Ni-Mg/Al Mixed Oxides Prepared from Layered Double Hydroxides as Catalysts for the Conversion of Furfural to Tetrahydrofurfuryl Alcohol

Ni-Mg/Al mixed oxide catalysts (Ni₂A_l, Ni₂Mg₁Al, and Ni₁Mg₁Al) obtained from layered double hydroxides (LDHs) were tested on the one-pot production of tetrahydrofurfuryl alcohol (TFA) from furfural (FF). Upon calcination at 400 °C and reduction at 500 °C, the LDHs gave catalysts containing small nickel crystallites (<4 nm) dispersed on mixtures of metal oxides and spinel structures.
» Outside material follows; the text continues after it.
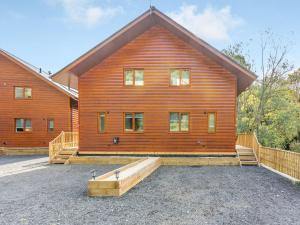 una gran casa de madera con un gran patio delante de ella en Waterside Lodge Six - Uk38264, en Southowram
Complete conversion of FF (>99.5%) was achieved on all the catalysts after 4 h at 190 °C and 5.0 MPa of H₂ using 5 wt.% FF in ethanol and a furfural-to-catalyst mass ratio of 7.44 g/g. TFA evolved from the sequential hydrogenation of FF to furfuryl alcohol (FA) to TFA. Competing reaction routes involved decarbonylation of FF to furan (FUR) followed by hydrogenation to tetrahydrofuran (THF) or hydrogenolysis to n-butane (BU) and the hydrogenation of the carbonyl group in FF to form 2-methyl furan (mFUR) and its hydrogenation to 2-methyltetrahydrofuran (mTHF). A third competing route consisted of the nucleophilic addition of FF with ethanol and with FA to form acetals (such as 2-(diethoxymethyl)furan, FDA), which were later converted to difurfuryl ether (DFE) and tetrahydrofurfuryl ethyl ether (TFEE) as final products. Hydrogen pressure favored the production of TFA and diminished the formation of acetals, while temperature reduced the capacity of the catalyst to hydrogenate the furan ring, thus reducing TFA and increasing FA and FUR. An 80% yield to TFA was achieved with the Ni₂Mg₁Al catalysts after 6 h at 190 °C and 50 bar H₂, but a variety of coproducts were present at low concentration. Testing of the catalysts in gas-phase hydrogenation conditions at atmospheric pressure revealed a poorer performance, with FA as the main product.